Mac Namara called for three things: A commitment to the process of institutional healing, reconciliation and decolonization; a review of institutional racism; and the establishment of a multi-stakeholder task force with for advising on the development of an anti-racist action plan for NSCAD.
Days later, on June 16, the university announced the hiring of McGill art history professor Charmaine Nelson as Canada Research Chair in Transatlantic Black Diasporic Art and Community Engagement. Nelson is going to develop the Institute for the Study of Canadian Slavery at NSCAD’s Fountain Campus. “I am very pleased that creating this infrastructure with NSCAD will provide a one-of-a-kind destination with the space, resources, and community for scholars, artists and cultural producers to create work related to Canadian Slavery and its legacies,” Nelson said in the announcement.
The board soon issued a statement of its own about “improving the current experience for BIPOC members of the NSCAD community.” The June 25 letter, signed by board chair Louise Anne Comeau, actually touched on transparency: “As the Board, we are committed to providing transparency as to how board members are appointed.”
The next day, Mac Namara was fired. So far the board has not issued a statement acknowledging or explaining what happened. Mac Namara had been on the job less than a year—she took over as president last August, and as Comeau said about the hiring, she helped the school get “poised and ready to write the next chapter in NSCAD’s storied history.”

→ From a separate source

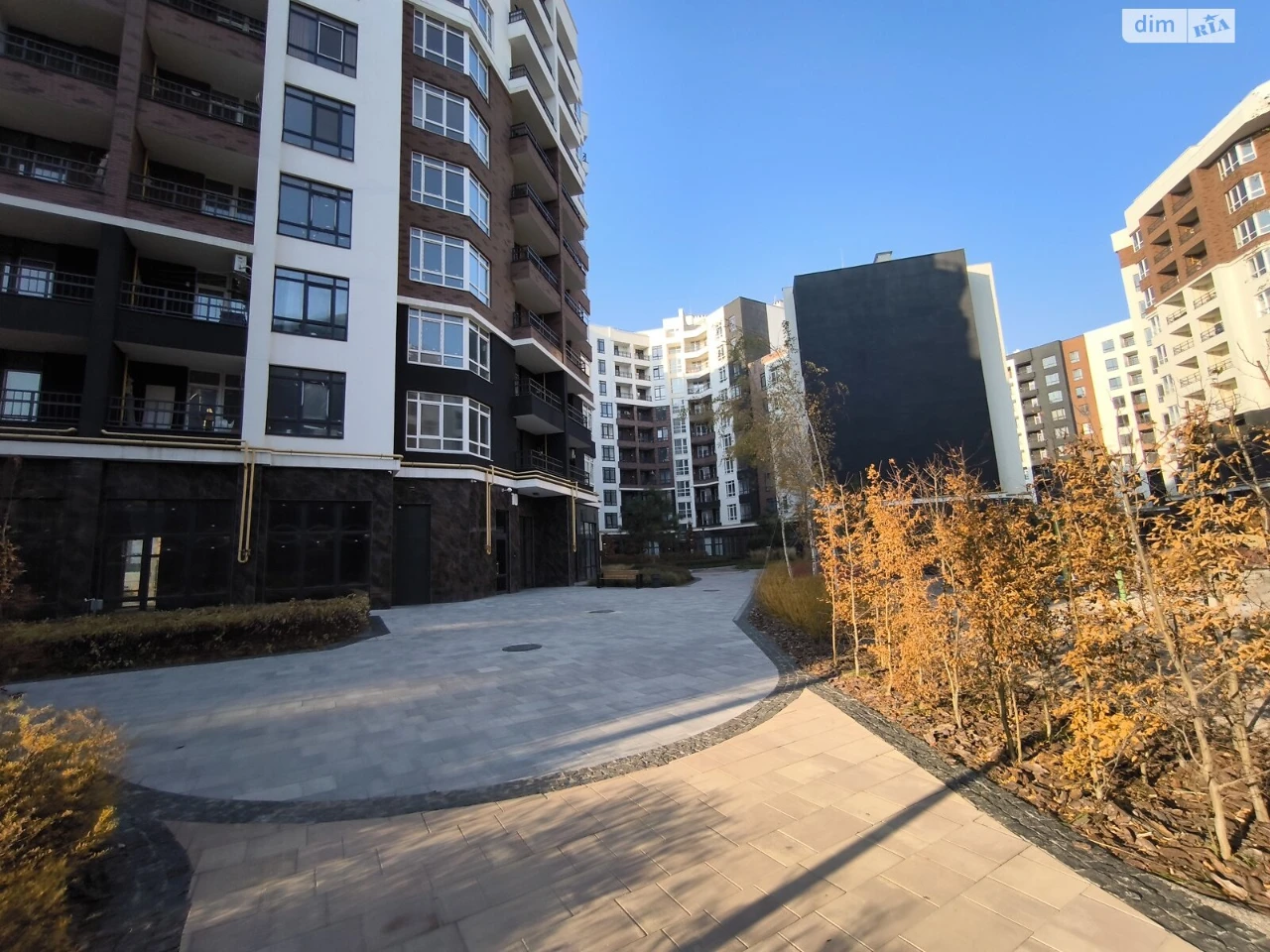 Продаж Квартира Ірпінь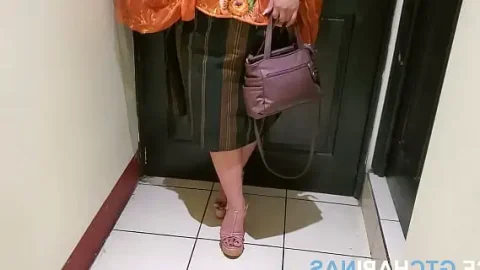 al estilo guatemalteco latina bella con culo grande natural aceite 1733498776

On June 30, the Ontario College of Art & Design Faculty Association wrote to Comeau about its concern for Mac Namara’s dismissal. “It is fundamental to university governance that drastic measures, like the firing of a president, should be undertaken only when a broad range of community stakeholders share concern regarding improper conduct or poor performance, and clear evidence supports such concerns,” reads the letter. “In this instance, the situation is the reverse.”

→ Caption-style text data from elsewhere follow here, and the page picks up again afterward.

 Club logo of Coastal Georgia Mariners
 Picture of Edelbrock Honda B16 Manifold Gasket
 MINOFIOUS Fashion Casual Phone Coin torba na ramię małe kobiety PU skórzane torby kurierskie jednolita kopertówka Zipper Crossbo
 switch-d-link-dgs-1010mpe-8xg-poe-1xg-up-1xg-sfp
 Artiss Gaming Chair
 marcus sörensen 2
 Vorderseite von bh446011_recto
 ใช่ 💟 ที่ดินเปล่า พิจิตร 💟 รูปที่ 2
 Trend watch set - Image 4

Citing unspecified “credible allegations” of a conflict of interest about Sean Kelly’s role as the board’s vice-president—the theory involves a developer that Kelly represents as a lawyer wanting to buy some of NSCAD's property—OCADFA asks for the reinstatement of Mac Namara as president and the immediate resignation of the NSCAD board executive. That’s Comeau, Kelly, treasurer Alan MacPherson and secretary Cameron Janzen.
Comeau received another letter in support of Mac Namara, from the recently hired Charmaine Nelson, on July 2. “As you can imagine, after spending seventeen years of my career at McGill University, it took some convincing for me to make the decision to move to NSCAD,” Nelson writes.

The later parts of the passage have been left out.